A QUEL MOMENT LE JUGE SE PLACE-T-IL POUR APPRECIER L’ACTION DU TIERS EN DEMOLITION ?
QUELS ETAIENT LES FAITS DE L’ESPECE ?
M. et Mme A. ont obtenu un permis de construire en 2010 pour la construction d’une maison d’habitation.
Une action en annulation du permis de construire a été intentée par une société affectée par cette construction, la juridiction administrative y a fait droit par un jugement du 10 avril 2015, au motif d’une atteinte à la sécurité publique. Dans le cadre de ce recours pour excès de pouvoir, le juge administratif a apprécié la demande au jour de la délivrance du permis. Il a également assigné les consorts A. en démolition et en dommages et intérêts.
Ce tiers a ensuite assigné M. et Mme A. en démolition de la construction litigieuse devant la juridiction judiciaire. A ce titre, la Cour d’appel de Nîmes a condamné les défendeurs à exécuter la démolition par un arrêt en date du 19 décembre 2019. Les consorts A. se sont alors pourvus en cassation mais la Cour de cassation a rejeté leur pourvoi par un arrêt du 11 février 2021 (Civ., 3e, 11 février 2021, n°20-13.627).
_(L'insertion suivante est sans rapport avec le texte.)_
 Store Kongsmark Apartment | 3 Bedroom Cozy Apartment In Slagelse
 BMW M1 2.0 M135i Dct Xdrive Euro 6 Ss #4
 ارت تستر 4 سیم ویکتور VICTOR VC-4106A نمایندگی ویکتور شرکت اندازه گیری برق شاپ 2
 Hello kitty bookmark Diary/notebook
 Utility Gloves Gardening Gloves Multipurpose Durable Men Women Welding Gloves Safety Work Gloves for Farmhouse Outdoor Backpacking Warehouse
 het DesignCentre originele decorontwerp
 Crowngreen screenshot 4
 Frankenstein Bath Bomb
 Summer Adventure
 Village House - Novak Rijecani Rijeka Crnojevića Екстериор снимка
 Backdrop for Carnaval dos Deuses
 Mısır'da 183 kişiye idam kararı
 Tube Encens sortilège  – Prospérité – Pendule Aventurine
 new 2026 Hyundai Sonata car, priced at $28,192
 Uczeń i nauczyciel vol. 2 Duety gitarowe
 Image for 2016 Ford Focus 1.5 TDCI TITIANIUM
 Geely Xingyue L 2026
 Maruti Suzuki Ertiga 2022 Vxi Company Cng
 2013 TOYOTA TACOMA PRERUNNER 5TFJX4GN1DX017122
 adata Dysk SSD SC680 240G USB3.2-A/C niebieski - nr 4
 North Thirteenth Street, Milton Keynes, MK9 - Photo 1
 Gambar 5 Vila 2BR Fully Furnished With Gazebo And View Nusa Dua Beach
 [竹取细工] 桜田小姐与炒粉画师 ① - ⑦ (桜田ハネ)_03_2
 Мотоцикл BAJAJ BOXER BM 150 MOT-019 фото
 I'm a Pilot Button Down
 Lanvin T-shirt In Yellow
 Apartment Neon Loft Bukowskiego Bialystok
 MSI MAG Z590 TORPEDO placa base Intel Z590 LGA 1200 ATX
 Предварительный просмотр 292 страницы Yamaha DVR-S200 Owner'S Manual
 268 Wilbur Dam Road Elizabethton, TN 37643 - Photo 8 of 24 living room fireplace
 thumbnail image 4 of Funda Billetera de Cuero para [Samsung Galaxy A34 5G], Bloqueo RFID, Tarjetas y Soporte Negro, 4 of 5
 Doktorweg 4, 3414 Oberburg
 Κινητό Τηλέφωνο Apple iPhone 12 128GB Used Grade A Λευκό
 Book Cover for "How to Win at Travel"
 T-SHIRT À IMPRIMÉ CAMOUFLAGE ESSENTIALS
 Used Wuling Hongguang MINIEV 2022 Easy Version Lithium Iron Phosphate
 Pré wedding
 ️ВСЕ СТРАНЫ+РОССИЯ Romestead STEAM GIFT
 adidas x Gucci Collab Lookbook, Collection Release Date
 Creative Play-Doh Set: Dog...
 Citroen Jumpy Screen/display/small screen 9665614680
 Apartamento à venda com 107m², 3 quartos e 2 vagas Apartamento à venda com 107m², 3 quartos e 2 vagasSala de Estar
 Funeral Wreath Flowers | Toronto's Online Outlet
QUELLES ETAIENT LES DIFFICULTES D’APPRECIATION DE L’ACTION EN DEMOLITION DES TIERS ?
Les juges d’appel ont accueilli la demande de condamnation à exécution de la démolition en raison d’une appréciation des faits au jour où ils ont statué. En effet, le Plan de prévention du risque inondation approuvé le 28 février 2012, soit après la délivrance du permis de construire, avait classé la parcelle litigieuse en zone inondable rouge.
Les défendeurs au pourvoi contestent cet arrêt en tant que la Cour d’appel aurait dû apprécier la méconnaissance des règles d’urbanisme au jour de l’attribution du permis de construire, comme dans un recours pour excès de pouvoir. Dans cette hypothèse, la zone de la construction ne faisait pas l’objet d’un tel classement en 2010, au moment de l’attribution du permis de construire.
QUELLE SOLUTION LE JUGE DE CASSATION RETIENT-IL SUR L’APPRECIATION DE L’ACTION EN DEMOLITION DES TIERS ?
Par cet arrêt du 11 février 2021, la Cour de cassation rejette le pourvoi de M. et Mme A. Elle rappelle les règles et principes de l’action des tiers en démolition du fait de la méconnaissance des règles d’urbanisme.
D’une part, cette action se limite aux zones mentionnées dans le 1° de l’article L.480-13 du code de l’urbanisme. Cette limite découle de la loi « Macron » du 6 août 2015, elle restreint l'action des tiers aux zones de protection particulière. D’autre part, l’action en démolition intentée par le préfet devant le juge administratif ne connait pas un tel encadrement, elle peut s’exercer à l’encontre d’une construction située en dehors de ces zones.
Le véritable apport de cet arrêt concerne le régime contentieux. En effet, l’action des tiers en démolition dans ces zones de protection particulière doit permettre la conciliation équilibrée entre différents objectifs. Il s’agit d’un côté de l’objectif de sécurisation des projets de construction et de l’autre les objectifs de protection de la nature, des paysages, du patrimoine architectural et urbain ainsi que de la prévention des risques naturels et technologiques.
Au regard de cette double exigence, la Cour de cassation considère que ne pas permettre au juge de se placer au jour où il statue pour ordonner la démolition d’une construction située dans une des zones de protection particulière a sens de l’article L.480-13 précitée constituerait une méconnaissance des objectifs de protection et de prévention.
De ce fait, le juge saisi d’une action d’un tiers en démolition pour méconnaissance des règles d’urbanisme porte son appréciation en se plaçant au jour où il statue.